Beagle, I think you can trust what the sales manager and resort GM told you about your purchases being considered direct purchases for the Marriott Rewards exchange option.  I'm certain of this because one of our direct-purchase weeks was actually a Marriott Resale, which we didn't know until we noticed the different wording in the contracts, and they assured us that it was a direct purchase like any other.

The only exception to Marriott Resales being considered for all intents and purposes to be direct-purchases, like I mentioned before, is that they hadn't been allowing Marriott Resales after 6/20/10 to be enrolled in the DC.  If this has changed recently (the way I thought I'd seen written on TUG) then you should be able to enroll your purchases.  You'll know for sure once you're in Marriott's system and can access your my-vacationclub.com account, because at that point you can follow the prompts to "Enroll Now" and you'll see your eligibility status.

I'm guessing that you're brand new to Marriott Rewards as well as the timeshares.  This might be way too elementary for how much you know about Marriott, but you can't convert your Weeks to MR Points unless you have an MR account.  This link should take you to an enrollment page for MR; hold onto it until your purchases are completely in the system.  Then open your free MR account using the exact same name as what's in the paperwork for your Weeks.  Once you have that account we can all teach you about Elite Status and Nights Earned and the Marriott VISA and Travel Packages and all kinds of other good stuff!


----------



## ronparise (Sep 2, 2011)

Thanks for sharing the details on this sale, as well as the lesson in buying foreclosure sales generally.




TheTimeTraveler said:


> .
> 
> 
> 
> ...



Sure it would be cheaper, but Marriott cant sell what they dont own....if I understand what happened here, its not  Marriott doing the selling here. Its a court ordered sale at the court house....I assume that marriott is now the owner of some of these, ie they were the high bidder. Now they can sell them any way they want


----------



## Beaglemom3 (Sep 2, 2011)

I am new to Marriott, but a long time (1991) t/s owner of many great resorts (Hyatt, WSJ, Allen House, The Crane, Edinburgh Residence, Mariner House Nantucket, Harborside Inn Martha's Vineyard ) all bought at  great - good prices. It's not easy to keep straight all the different rules & regs for the different t/s systems, but I will apply myself and learn Marriott's. I am your student. Many thanks.


  I have MR points as I have an account and a Marriott CC. 
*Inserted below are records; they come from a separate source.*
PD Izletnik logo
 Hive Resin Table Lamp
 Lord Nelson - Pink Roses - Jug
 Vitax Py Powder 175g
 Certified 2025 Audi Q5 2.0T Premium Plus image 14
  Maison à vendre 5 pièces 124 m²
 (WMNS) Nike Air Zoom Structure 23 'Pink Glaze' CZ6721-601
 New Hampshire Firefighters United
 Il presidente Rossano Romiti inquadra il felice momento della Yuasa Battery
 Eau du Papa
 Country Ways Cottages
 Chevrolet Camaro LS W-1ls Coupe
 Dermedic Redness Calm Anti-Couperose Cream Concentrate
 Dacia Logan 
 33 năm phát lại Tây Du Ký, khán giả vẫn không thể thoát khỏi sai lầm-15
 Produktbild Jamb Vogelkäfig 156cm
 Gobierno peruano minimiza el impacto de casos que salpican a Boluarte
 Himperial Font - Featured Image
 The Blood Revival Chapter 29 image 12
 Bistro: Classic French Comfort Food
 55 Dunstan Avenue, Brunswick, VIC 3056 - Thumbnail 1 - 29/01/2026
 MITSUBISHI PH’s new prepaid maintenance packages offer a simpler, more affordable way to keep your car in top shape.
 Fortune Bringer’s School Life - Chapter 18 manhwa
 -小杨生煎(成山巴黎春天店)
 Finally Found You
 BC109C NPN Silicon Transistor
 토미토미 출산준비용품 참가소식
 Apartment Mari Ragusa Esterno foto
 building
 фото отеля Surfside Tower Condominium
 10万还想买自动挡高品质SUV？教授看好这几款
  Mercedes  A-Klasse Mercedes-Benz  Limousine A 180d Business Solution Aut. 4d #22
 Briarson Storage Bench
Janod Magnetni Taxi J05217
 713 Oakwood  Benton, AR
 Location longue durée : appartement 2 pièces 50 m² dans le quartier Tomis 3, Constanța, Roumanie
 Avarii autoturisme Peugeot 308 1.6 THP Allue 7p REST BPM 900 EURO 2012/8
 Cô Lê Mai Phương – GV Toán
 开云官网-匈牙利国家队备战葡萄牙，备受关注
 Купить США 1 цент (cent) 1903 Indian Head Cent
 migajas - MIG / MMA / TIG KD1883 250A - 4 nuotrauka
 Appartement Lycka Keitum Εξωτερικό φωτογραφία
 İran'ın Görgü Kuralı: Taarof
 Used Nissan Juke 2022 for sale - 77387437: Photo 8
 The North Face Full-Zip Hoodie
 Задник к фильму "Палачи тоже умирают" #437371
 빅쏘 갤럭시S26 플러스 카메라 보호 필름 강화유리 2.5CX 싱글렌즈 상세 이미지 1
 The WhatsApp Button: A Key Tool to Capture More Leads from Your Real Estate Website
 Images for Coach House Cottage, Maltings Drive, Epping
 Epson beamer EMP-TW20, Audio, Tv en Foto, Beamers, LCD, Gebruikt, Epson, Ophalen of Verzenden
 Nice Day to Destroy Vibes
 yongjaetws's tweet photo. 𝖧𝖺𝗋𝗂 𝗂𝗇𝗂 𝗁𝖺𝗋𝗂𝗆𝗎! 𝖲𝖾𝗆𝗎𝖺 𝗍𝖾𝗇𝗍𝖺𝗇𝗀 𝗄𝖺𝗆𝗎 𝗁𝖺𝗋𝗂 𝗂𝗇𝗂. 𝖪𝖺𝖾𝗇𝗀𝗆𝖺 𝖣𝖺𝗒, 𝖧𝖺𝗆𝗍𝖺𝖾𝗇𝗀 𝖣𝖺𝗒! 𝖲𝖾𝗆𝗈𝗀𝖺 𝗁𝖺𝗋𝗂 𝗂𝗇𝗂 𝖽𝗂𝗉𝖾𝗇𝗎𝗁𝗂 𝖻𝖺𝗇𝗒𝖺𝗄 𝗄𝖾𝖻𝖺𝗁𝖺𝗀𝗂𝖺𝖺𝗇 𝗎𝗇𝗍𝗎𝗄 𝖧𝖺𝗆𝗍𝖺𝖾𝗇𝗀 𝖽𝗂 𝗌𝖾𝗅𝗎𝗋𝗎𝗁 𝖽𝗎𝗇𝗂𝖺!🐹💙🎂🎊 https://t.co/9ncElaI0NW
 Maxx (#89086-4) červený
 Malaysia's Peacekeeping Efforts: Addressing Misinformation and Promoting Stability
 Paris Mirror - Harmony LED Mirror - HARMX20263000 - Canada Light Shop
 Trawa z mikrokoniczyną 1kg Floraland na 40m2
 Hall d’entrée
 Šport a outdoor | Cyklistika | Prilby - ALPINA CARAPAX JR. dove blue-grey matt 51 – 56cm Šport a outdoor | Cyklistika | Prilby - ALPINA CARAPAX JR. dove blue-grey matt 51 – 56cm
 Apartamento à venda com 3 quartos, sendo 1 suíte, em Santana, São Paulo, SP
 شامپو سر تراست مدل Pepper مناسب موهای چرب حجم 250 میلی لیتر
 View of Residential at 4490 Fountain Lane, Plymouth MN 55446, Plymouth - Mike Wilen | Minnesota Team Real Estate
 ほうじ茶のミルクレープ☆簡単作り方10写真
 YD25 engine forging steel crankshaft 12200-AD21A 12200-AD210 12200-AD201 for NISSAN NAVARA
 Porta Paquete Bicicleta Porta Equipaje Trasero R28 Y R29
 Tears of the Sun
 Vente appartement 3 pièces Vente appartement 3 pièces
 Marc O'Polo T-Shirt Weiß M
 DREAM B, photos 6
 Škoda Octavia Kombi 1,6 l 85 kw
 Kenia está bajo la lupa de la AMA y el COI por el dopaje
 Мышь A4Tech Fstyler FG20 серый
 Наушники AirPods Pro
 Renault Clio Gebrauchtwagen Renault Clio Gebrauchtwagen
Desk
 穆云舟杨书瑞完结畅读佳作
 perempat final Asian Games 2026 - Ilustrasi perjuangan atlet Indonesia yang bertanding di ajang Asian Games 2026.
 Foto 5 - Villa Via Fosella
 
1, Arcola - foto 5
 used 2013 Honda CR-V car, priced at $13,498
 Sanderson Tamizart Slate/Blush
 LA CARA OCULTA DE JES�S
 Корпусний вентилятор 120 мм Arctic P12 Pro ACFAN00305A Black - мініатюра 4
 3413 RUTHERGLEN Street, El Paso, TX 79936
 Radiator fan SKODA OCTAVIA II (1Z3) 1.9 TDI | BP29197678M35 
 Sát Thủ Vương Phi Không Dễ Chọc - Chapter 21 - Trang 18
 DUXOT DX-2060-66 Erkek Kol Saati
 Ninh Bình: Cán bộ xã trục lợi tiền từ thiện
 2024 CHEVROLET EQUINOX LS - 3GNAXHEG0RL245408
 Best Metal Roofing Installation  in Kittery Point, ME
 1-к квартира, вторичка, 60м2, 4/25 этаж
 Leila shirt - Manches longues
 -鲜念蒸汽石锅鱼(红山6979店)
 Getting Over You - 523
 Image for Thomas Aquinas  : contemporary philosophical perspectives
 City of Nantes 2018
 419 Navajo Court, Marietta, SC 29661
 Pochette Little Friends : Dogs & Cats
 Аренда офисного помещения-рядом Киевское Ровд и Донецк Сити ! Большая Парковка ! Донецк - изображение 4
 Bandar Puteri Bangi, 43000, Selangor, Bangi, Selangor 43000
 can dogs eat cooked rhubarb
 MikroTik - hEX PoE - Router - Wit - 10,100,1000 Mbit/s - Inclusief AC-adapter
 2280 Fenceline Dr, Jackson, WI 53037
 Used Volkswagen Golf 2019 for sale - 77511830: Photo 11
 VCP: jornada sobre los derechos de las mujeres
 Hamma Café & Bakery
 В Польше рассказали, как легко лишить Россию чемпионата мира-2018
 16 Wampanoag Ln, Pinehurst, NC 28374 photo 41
  I am happy just to have the Marriott Rewards points to use at hotels. We used my DF's Marriott pts to stay at the London's Marriott County Hall and the Champs in Paris. I have oodles of FF miles, so DC may/may not be for me even if I qualify. Yesssss ! Pls. educate me on Elite status and all the other finer perks. 

  To everyone, thank you for your advice and well wishes. Much appreciated.


----------



## Beaglemom3 (Sep 2, 2011)

ronparise said:


> Thanks for sharing the details on this sale, as well as the lesson in buying foreclosure sales generally.
> 
> 
> 
> ...



You're welcome.

Ron, you are correct. Yes, the auctioneer was acting as agent for and on the behalf of Marriott. They bought back all but the two I had and now they can do what as they wish. It was kind of funny when the attorney read all the bylaws and heretofores just before the actual bidding as I was the only bidder. The Marriott employees (GM & Sales Mgr.) were present, but could not bid.

If anyone can get to one of these auctions if just to learn, it's well worth it.

I showed up thinking there'd be a mob of folks and that I'd come away empty handed, but life is funny sometimes.


----------



## sfwilshire (Sep 4, 2011)

Beaglemom3 said:


> I read the foreclosure notices in the Boston Globe and the Nantucket Inquirer and Mirror (paper editions).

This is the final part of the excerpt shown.